Christies to Offer $9 Million of Art in Third Dubai Auction
Christie’s International, the world’s largest auction house, will offer as much as $9 million of contemporary art, including $7 million of Iranian and Arab works, at its third Dubai sale on Oct. 31.
Works by Egypt’s Ahmed Moustapha and Syrian Fateh Moudarres are among the lots, the company said. Moustapha’s “Where the Two Oceans Meet (Variant No. 3)’’ (2003) fetched $284,800 at Christie’s first Dubai sale in May 2006, breaking the auction record for an Arab work. His “Qur’anic Polyptych of Nine Panels’’ has a top estimate of $350,000 at this month’s sale.
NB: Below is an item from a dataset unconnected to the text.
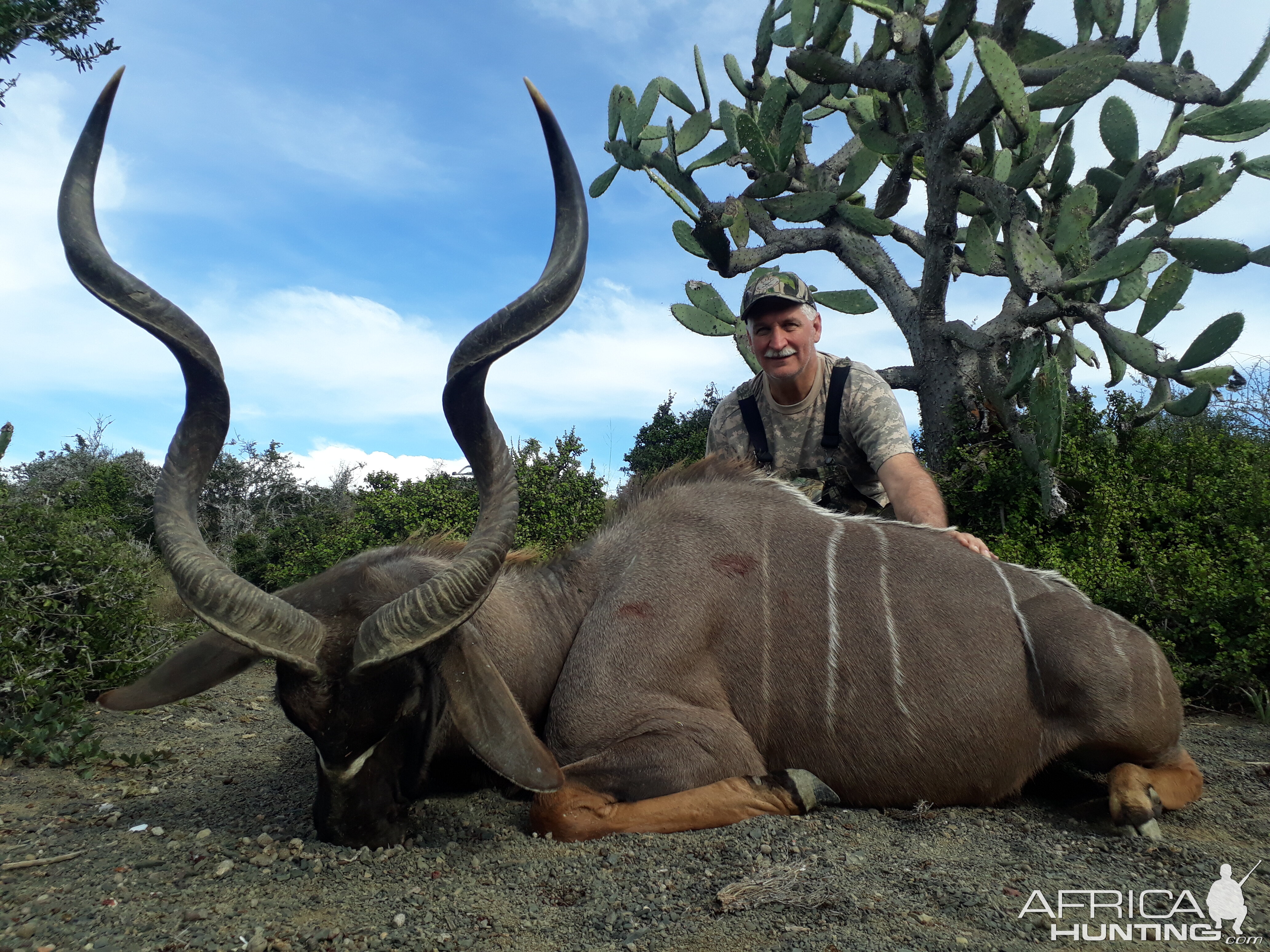 South Africa Hunting Kudu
Dubai, which hosted the first DIFC Gulf Art Fair in March, has become the center of the Middle East’s art market and the regional base for Christie’s.
“This third sale will help to firmly establish a strong and vibrant secondary market for modern Arab and Iranian art in the Middle East,’’ said Jussi Pylkkanen, Christie’s Middle East president.
Christie’s raised $8.5 million at its first Dubai auction and $9.4 million at the second sale in February. “Yesteryear’’ by Abdul Kadir al-Raes set a record for a work by an Emirati artist in the February auction, selling for $262,000, or almost five times the presale estimate.